> _WORK ITEM_
The line containing "Photo 19 of" marks the end: copy exactly every line from the start of the records below up to and including it, leaving out pictures.

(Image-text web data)
········

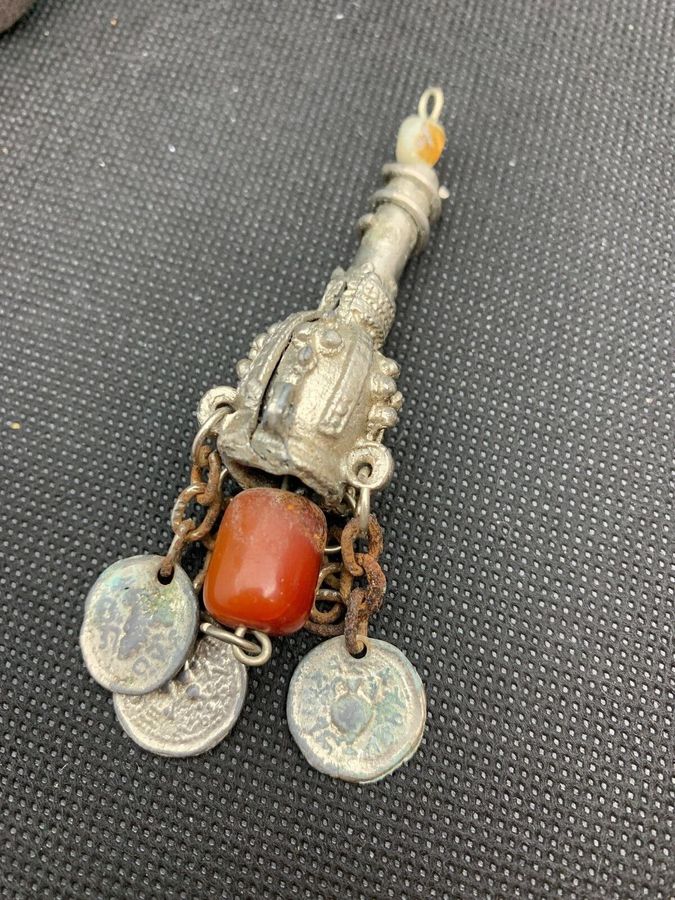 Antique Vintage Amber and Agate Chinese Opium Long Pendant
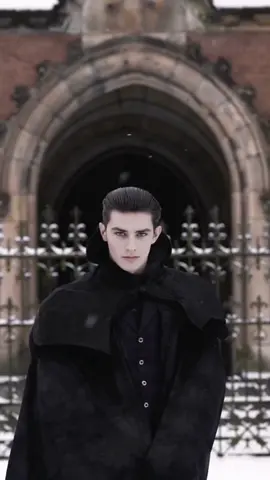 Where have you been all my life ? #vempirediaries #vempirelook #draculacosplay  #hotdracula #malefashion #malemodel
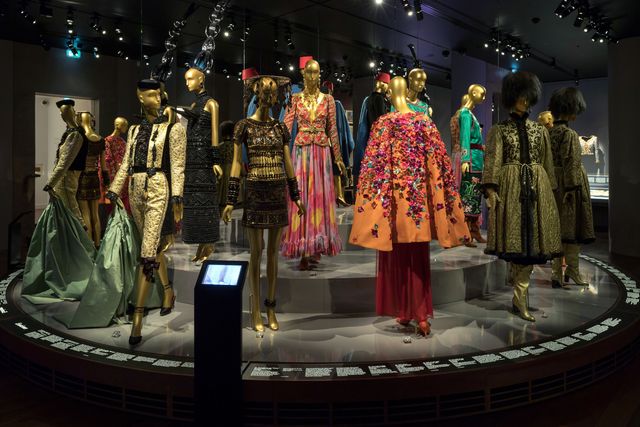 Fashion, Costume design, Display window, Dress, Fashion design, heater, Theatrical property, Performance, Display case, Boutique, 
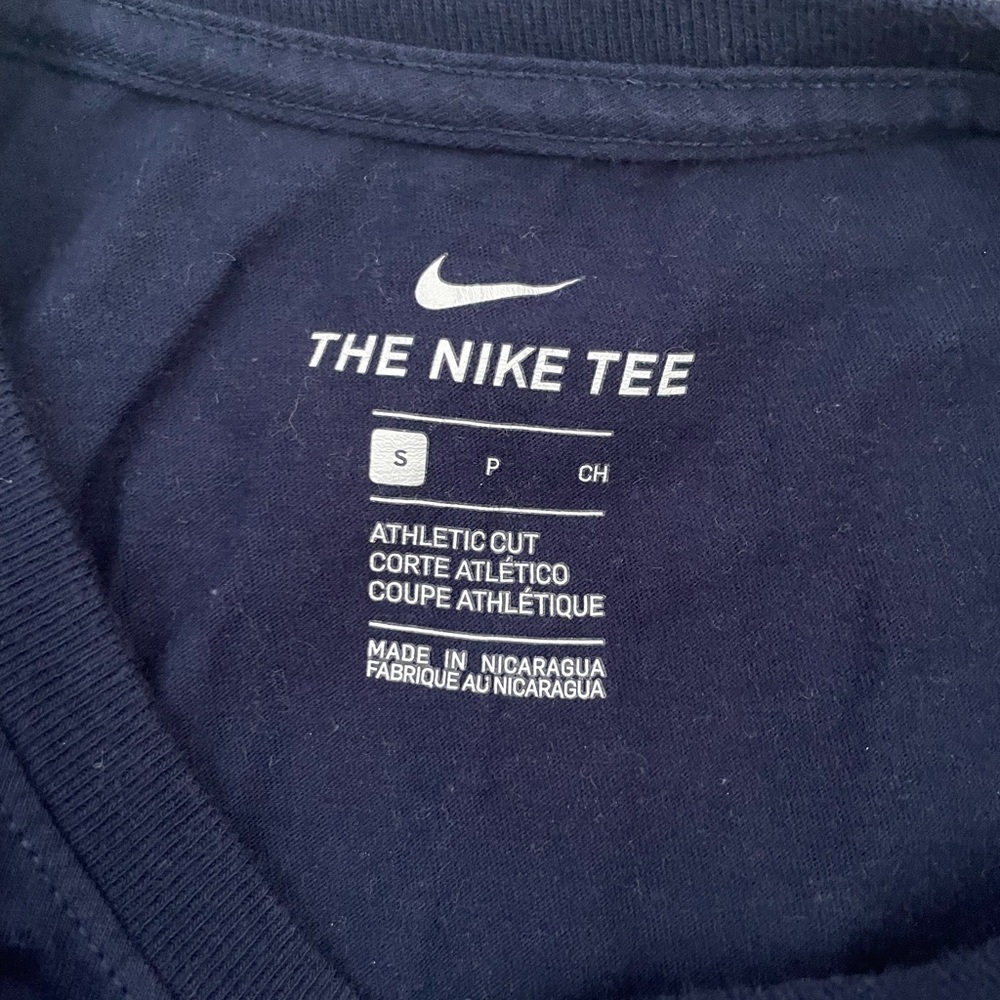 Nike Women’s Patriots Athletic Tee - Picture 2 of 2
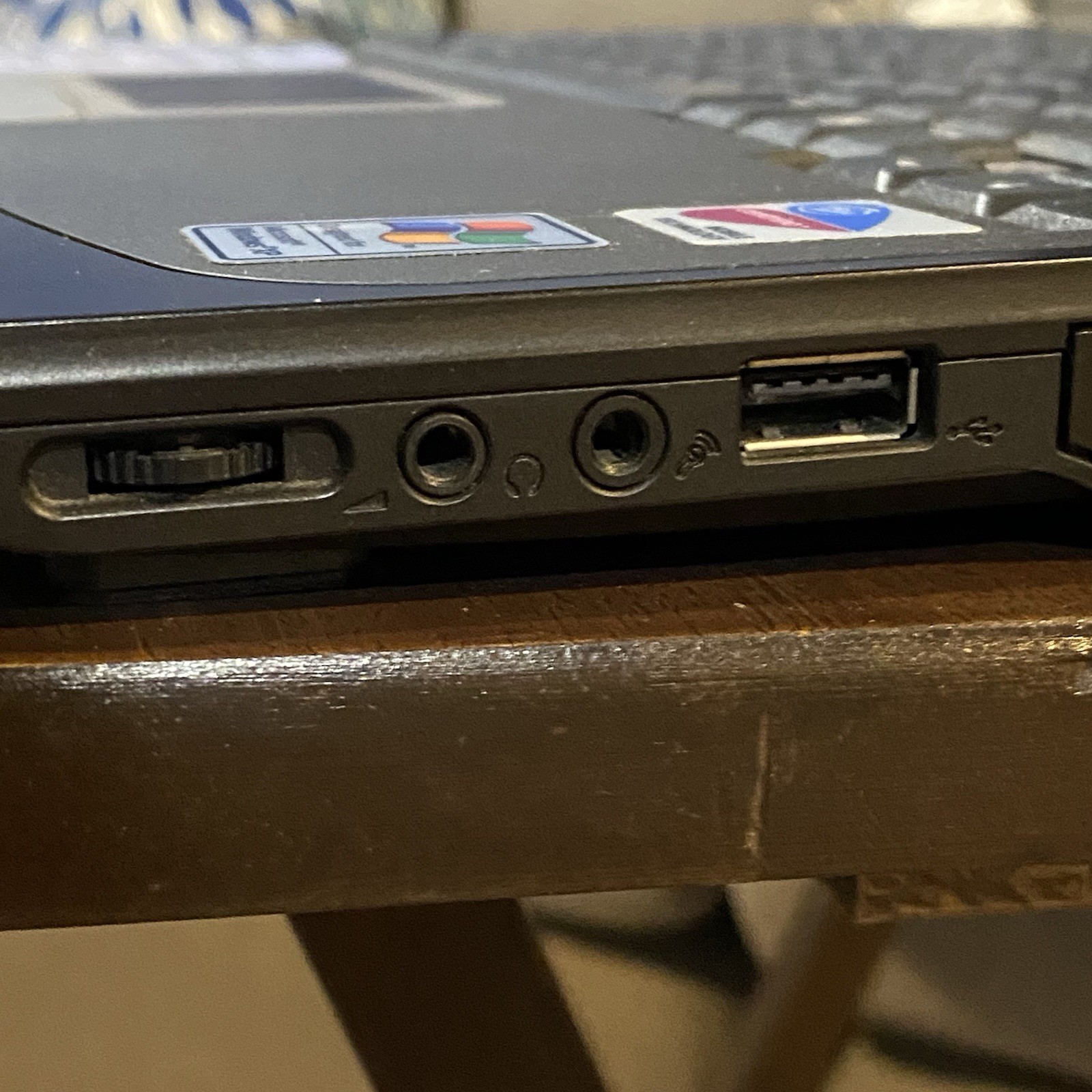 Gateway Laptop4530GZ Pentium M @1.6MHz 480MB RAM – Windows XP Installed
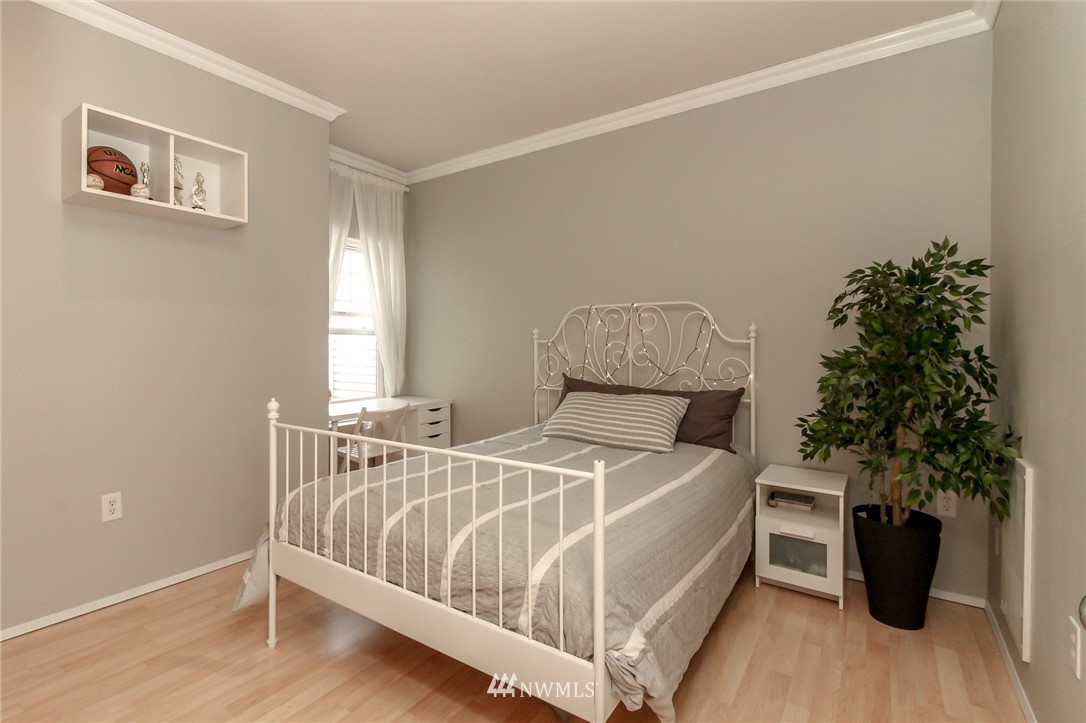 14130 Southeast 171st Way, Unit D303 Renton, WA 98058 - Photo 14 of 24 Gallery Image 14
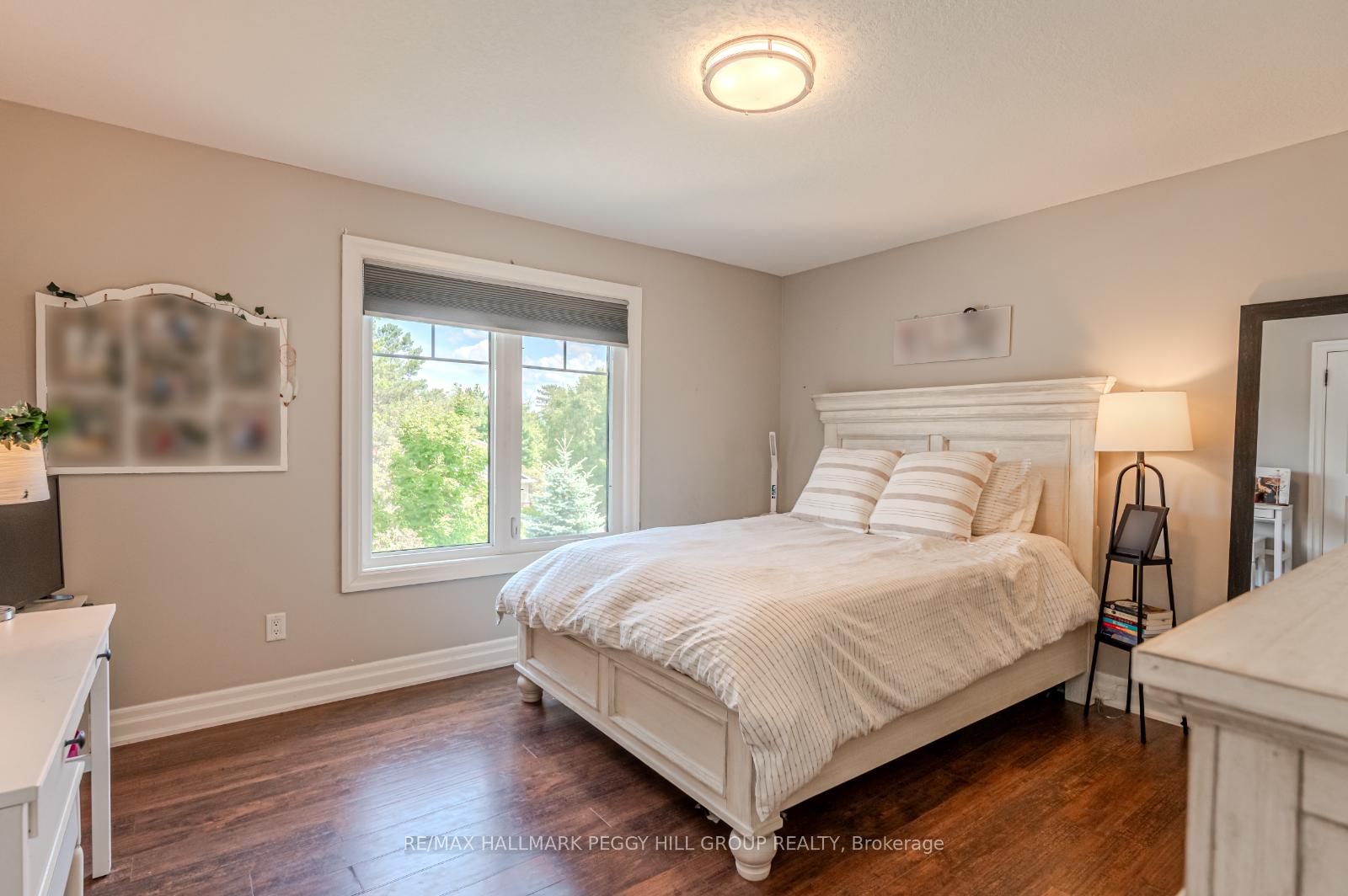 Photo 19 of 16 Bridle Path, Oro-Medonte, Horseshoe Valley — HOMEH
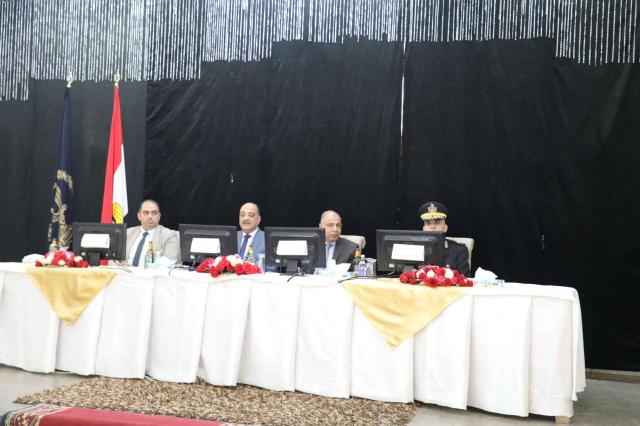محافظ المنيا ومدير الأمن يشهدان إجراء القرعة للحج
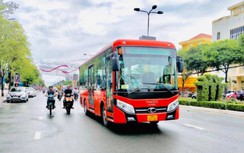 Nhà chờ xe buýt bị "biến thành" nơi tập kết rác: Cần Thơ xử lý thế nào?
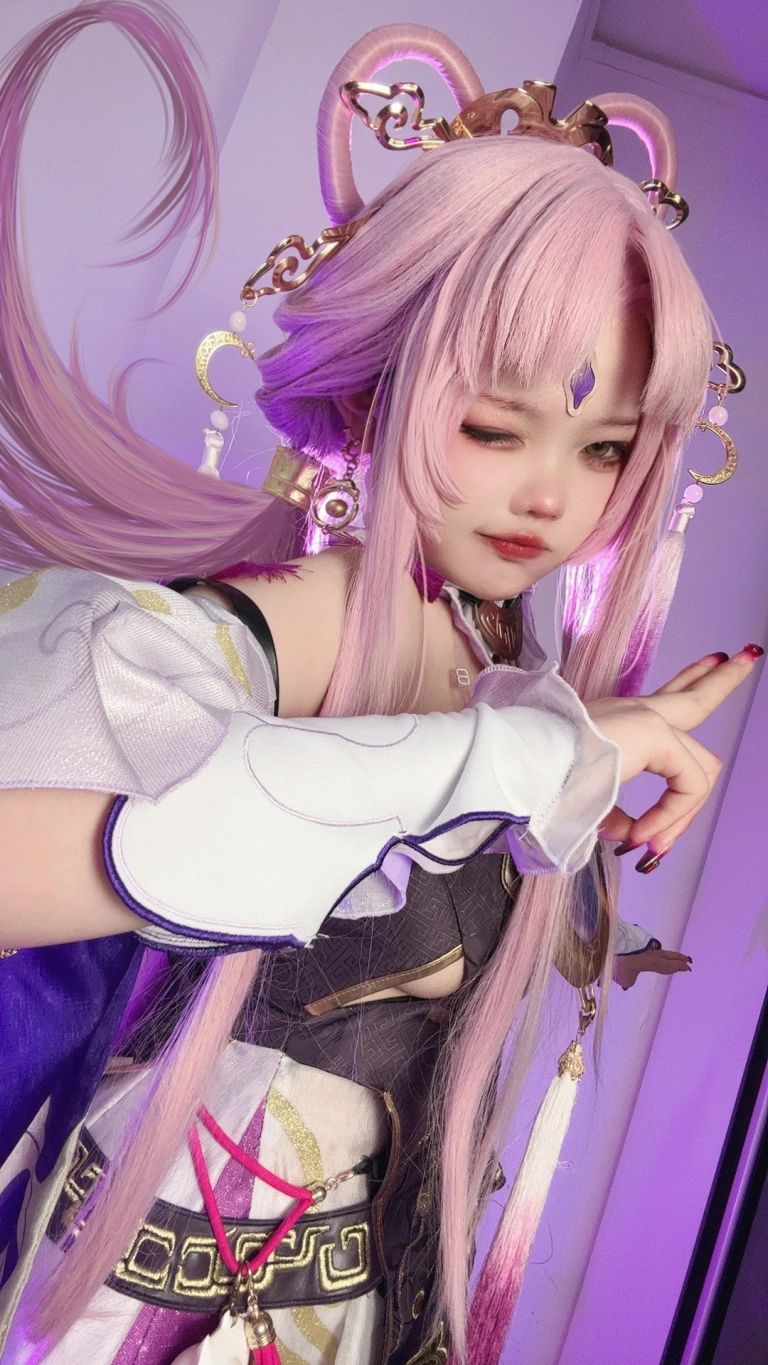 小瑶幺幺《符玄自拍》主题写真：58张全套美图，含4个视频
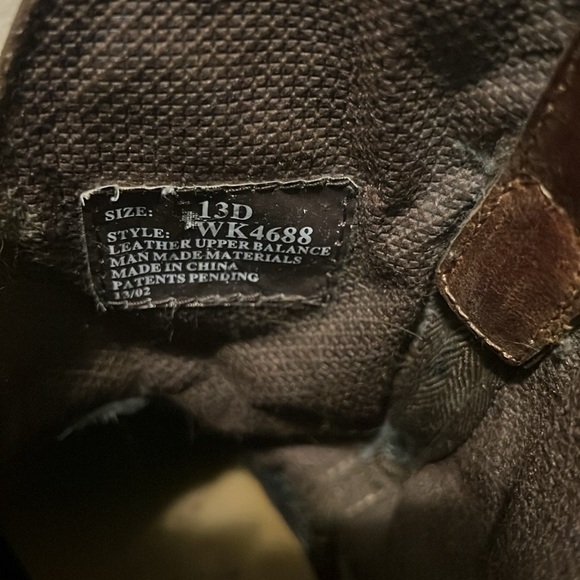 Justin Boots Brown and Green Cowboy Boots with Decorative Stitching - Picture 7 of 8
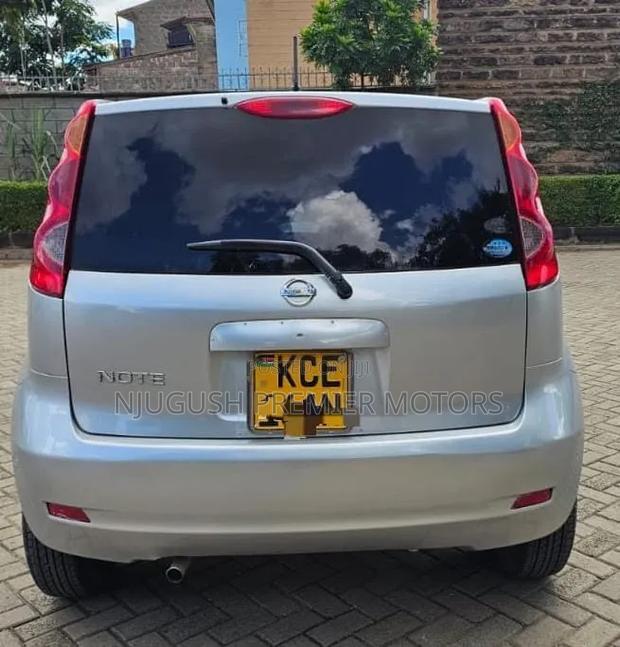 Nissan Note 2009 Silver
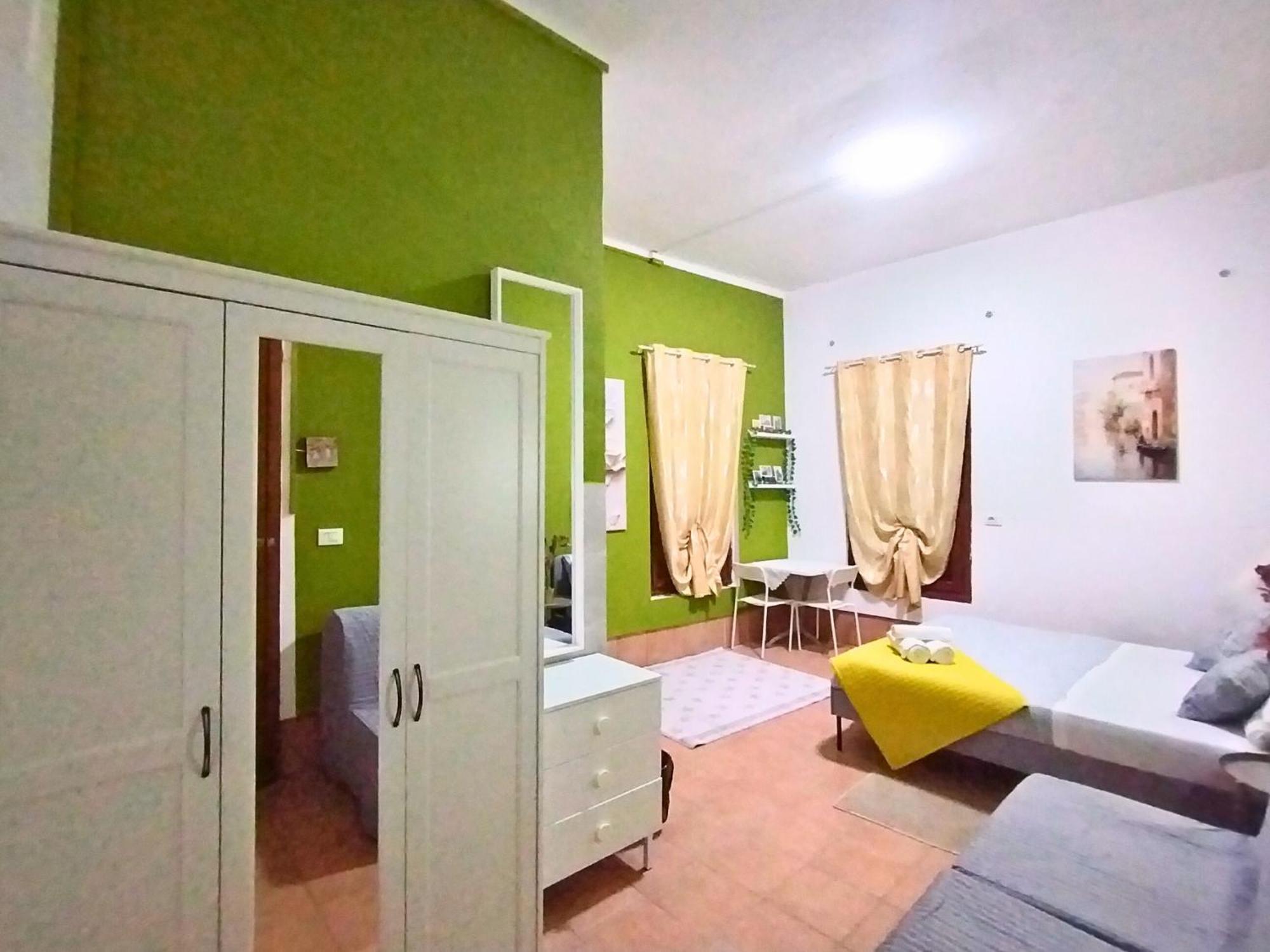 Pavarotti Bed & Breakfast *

········

> _EXPECTED OUTPUT_
 Antique Vintage Amber and Agate Chinese Opium Long Pendant
 Where have you been all my life ? #vempirediaries #vempirelook #draculacosplay  #hotdracula #malefashion #malemodel
 Fashion, Costume design, Display window, Dress, Fashion design, heater, Theatrical property, Performance, Display case, Boutique, 
 Nike Women’s Patriots Athletic Tee - Picture 2 of 2
 Gateway Laptop4530GZ Pentium M @1.6MHz 480MB RAM – Windows XP Installed
 14130 Southeast 171st Way, Unit D303 Renton, WA 98058 - Photo 14 of 24 Gallery Image 14
 Photo 19 of 16 Bridle Path, Oro-Medonte, Horseshoe Valley — HOMEH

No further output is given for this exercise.